Task to carry out =
The full set of lines below has to be written out again exactly.

══ Extracted entries

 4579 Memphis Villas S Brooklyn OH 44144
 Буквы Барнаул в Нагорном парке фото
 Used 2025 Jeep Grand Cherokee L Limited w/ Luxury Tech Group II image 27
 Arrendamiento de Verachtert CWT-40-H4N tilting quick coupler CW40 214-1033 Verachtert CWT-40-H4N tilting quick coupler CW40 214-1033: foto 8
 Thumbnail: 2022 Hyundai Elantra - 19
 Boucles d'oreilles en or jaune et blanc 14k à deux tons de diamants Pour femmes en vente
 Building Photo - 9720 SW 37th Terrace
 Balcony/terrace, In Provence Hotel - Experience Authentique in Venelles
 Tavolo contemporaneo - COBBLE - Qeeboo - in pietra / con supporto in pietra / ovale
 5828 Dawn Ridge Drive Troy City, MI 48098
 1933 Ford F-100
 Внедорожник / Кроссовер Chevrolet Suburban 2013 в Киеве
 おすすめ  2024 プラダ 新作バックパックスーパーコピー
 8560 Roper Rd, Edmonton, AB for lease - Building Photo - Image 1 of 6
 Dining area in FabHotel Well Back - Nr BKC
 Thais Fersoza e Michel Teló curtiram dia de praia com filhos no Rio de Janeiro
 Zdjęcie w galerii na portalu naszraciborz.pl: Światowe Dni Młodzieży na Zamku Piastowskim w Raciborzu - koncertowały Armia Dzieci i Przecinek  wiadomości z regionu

════

Response to the exercise =
 4579 Memphis Villas S Brooklyn OH 44144
 Буквы Барнаул в Нагорном парке фото
 Used 2025 Jeep Grand Cherokee L Limited w/ Luxury Tech Group II image 27
 Arrendamiento de Verachtert CWT-40-H4N tilting quick coupler CW40 214-1033 Verachtert CWT-40-H4N tilting quick coupler CW40 214-1033: foto 8
 Thumbnail: 2022 Hyundai Elantra - 19
 Boucles d'oreilles en or jaune et blanc 14k à deux tons de diamants Pour femmes en vente
 Building Photo - 9720 SW 37th Terrace
 Balcony/terrace, In Provence Hotel - Experience Authentique in Venelles
 Tavolo contemporaneo - COBBLE - Qeeboo - in pietra / con supporto in pietra / ovale
 5828 Dawn Ridge Drive Troy City, MI 48098
 1933 Ford F-100
 Внедорожник / Кроссовер Chevrolet Suburban 2013 в Киеве
 おすすめ  2024 プラダ 新作バックパックスーパーコピー
 8560 Roper Rd, Edmonton, AB for lease - Building Photo - Image 1 of 6
 Dining area in FabHotel Well Back - Nr BKC
 Thais Fersoza e Michel Teló curtiram dia de praia com filhos no Rio de Janeiro
 Zdjęcie w galerii na portalu naszraciborz.pl: Światowe Dni Młodzieży na Zamku Piastowskim w Raciborzu - koncertowały Armia Dzieci i Przecinek  wiadomości z regionu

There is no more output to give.